--- Instructions for the task ---
Repeat the listing below exactly from the line with "If my data exceeds" through its last line. Skip every picture.

--- Source data ---
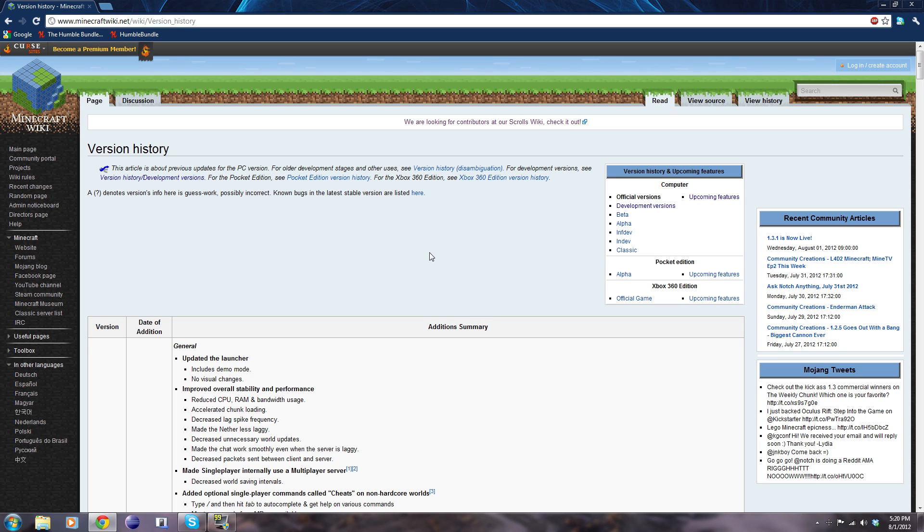Hey what's up guys, this is OneShot0Kills and today I'm going to be doing something a little bit different. I'm going to be reviewing Minecraft 1.3.1 in terms of modding.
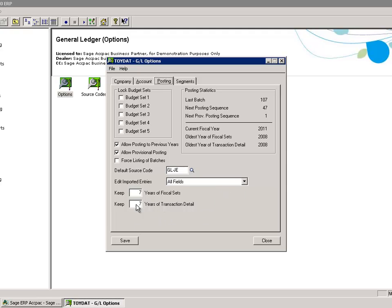If my data exceeds seven years of detailed transactions and fiscal sets during my year-end, it will clear period eight.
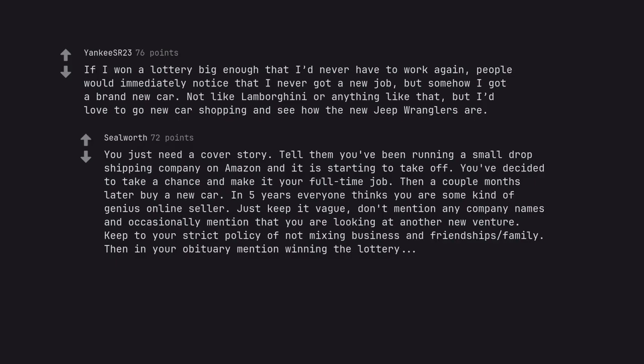You just need a cover story. Then in your inventory mention winning the lottery. Thanks!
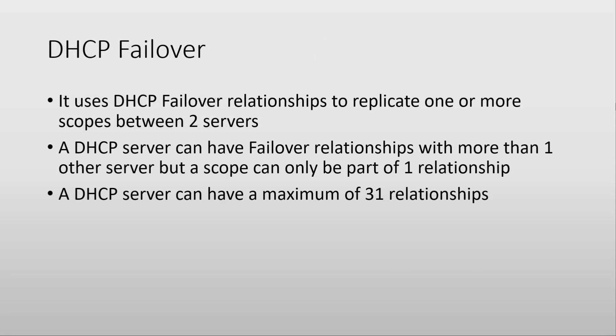Enter DHCP Failover. It uses DHCP Failover relationships to replicate one or more scopes between two servers. A DHCP server can have failover relationships with more than one server, but very importantly, a scope can only be part of one relationship. So maybe you could have four servers, in which one server can have a relationship with the other three.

--- Task solution ---
If my data exceeds seven years of detailed transactions and fiscal sets during my year-end, it will clear period eight.
You just need a cover story. Then in your inventory mention winning the lottery. Thanks!
Enter DHCP Failover. It uses DHCP Failover relationships to replicate one or more scopes between two servers. A DHCP server can have failover relationships with more than one server, but very importantly, a scope can only be part of one relationship. So maybe you could have four servers, in which one server can have a relationship with the other three.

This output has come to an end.